## Goal of the exercise
Give back exactly the lines from the one that holds "Notre cavalier king Charles Izzie" through the final line of the data; omit the pictures and add nothing.

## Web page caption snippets
□ □ □ □ □ □ □

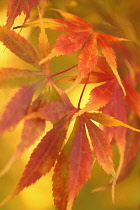 Japanese Maple, Acer palmatum.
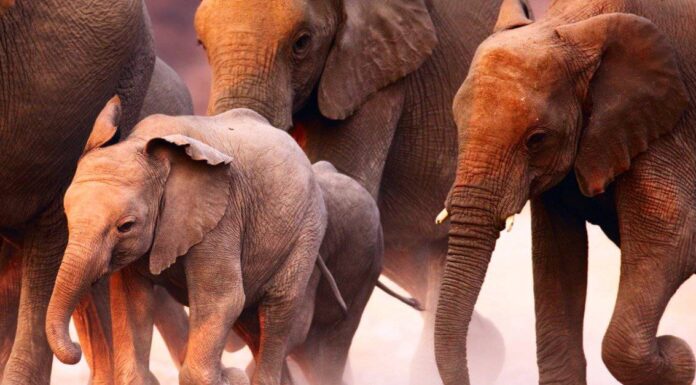  Quanto sono veloci gli elefanti?  Possono correre?
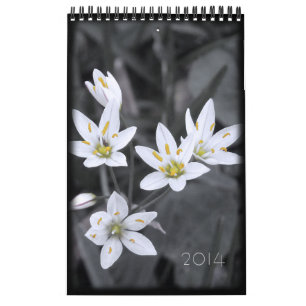 Calendrier floral 2014 12 mois d'une page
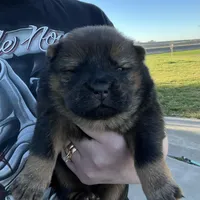 Rose , a female Chow Chow for sale in Ontario, OR – Photo 2 of 5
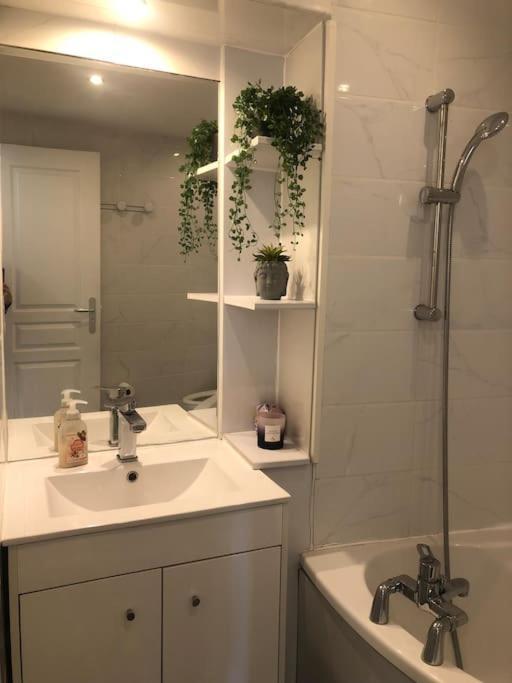 Studio Cosy En Plein Centre-Ville Канни Екстер'єр фото
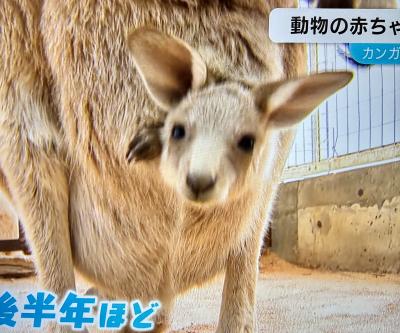 賢人 (32) 大宮 萬天堂 / 出張性感マッサージ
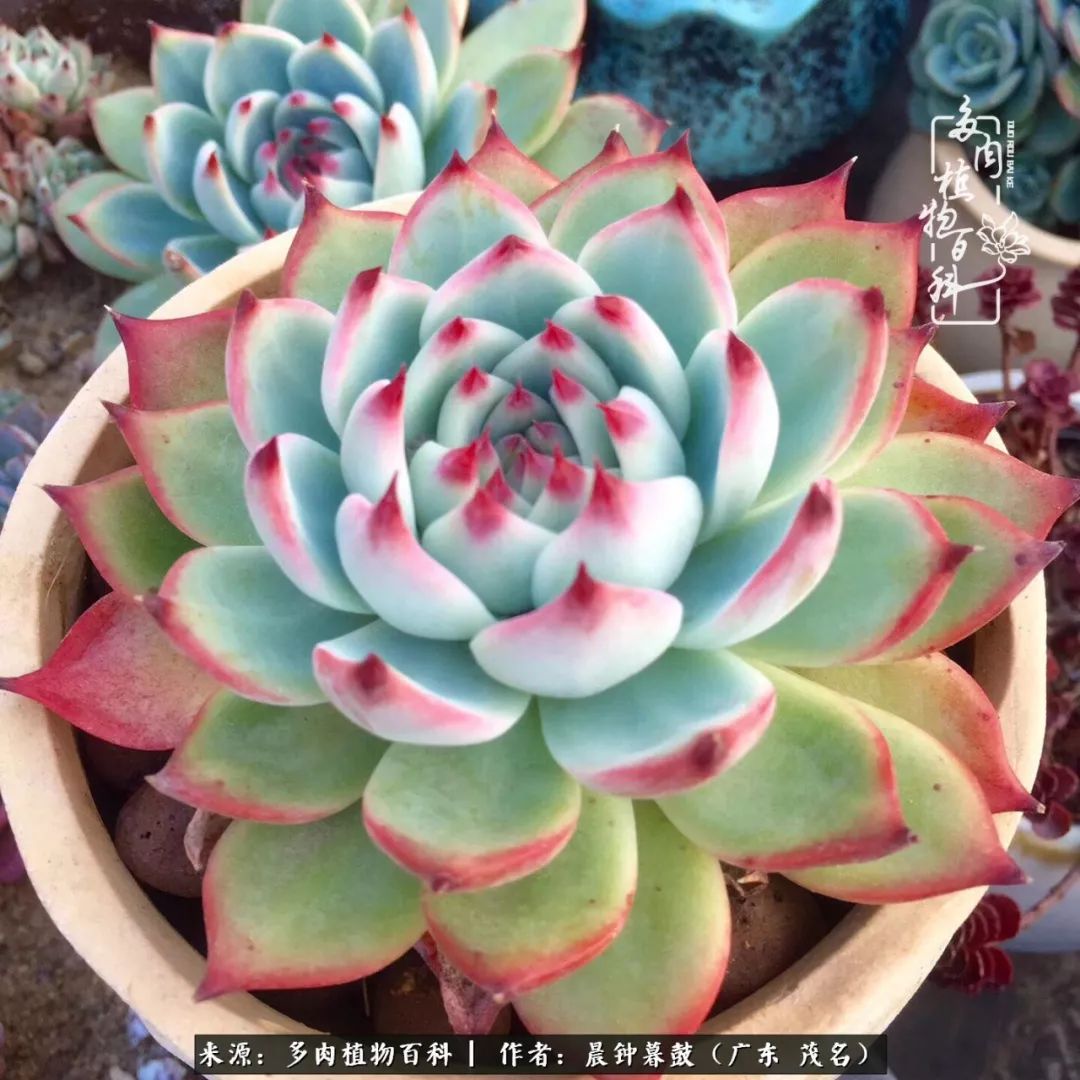 轻轻地告诉你，我的多肉也曾美过，不信你看看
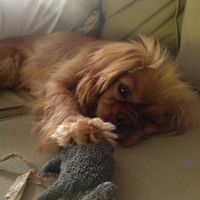 Notre cavalier king Charles Izzie 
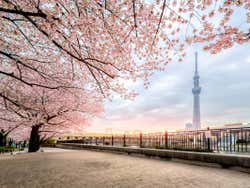 Tokyo Skytree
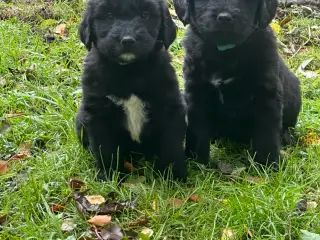 Golden Doodle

□ □ □ □ □ □ □

## Task output
 Notre cavalier king Charles Izzie 
 Tokyo Skytree
 Golden Doodle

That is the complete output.